12畳ほどの巨大な大凧は高須の住民でもその存在を知る人は少ない。

当時、凧の会メンバー だった倉島喜一さん(83)は「会の中に器用な人がいて2004年に3畳ほどの凧を作って大成功。それじゃぁ翌年にはもっと大きな凧を、と大凧を作ったけど4、5秒しか揚がらず失敗に終わったよ」と振り返る。
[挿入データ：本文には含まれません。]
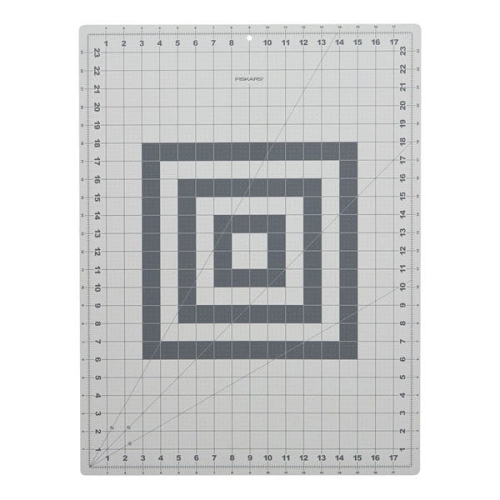 Mata podkładowa Fiskars A2 1003895 samogojąca o wymiarach 450x600x2 mm, w kolorze szarym z wyraźną siatką i wzorem koncentrycznych kwadratów. Ujęcie frontalne, idealna do precyzyjnego cięcia materiałów.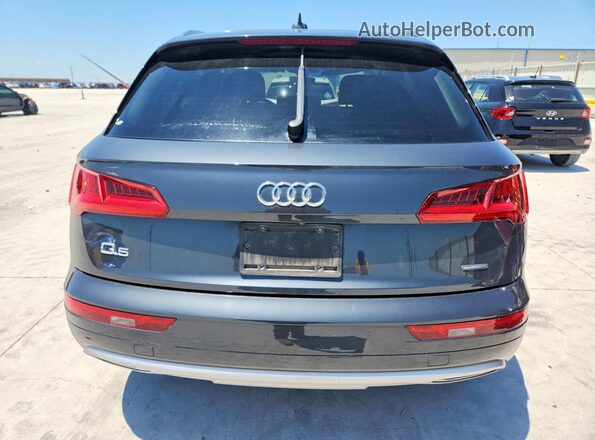 WA1ANAFYXK2052276 2019 AUDI Q5 Charcoal Вид ззаду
2005年1月、農閑期の田んぼのあぜ道で子どもを含む30人ほどで凧揚げに挑戦したが風向きなどの条件が整わず一瞬宙に浮いてすぐに落下。その日のうちに大凧は小学校の体育館にしまわれ、それ以降、日の目を見ることはなかった。

大空凧プロジェクトのはじまりは、《半農半芸》ディレクターの岩間賢(さとし)さんが高須公民館に飾ってあった大凧の写真を目にしたこと。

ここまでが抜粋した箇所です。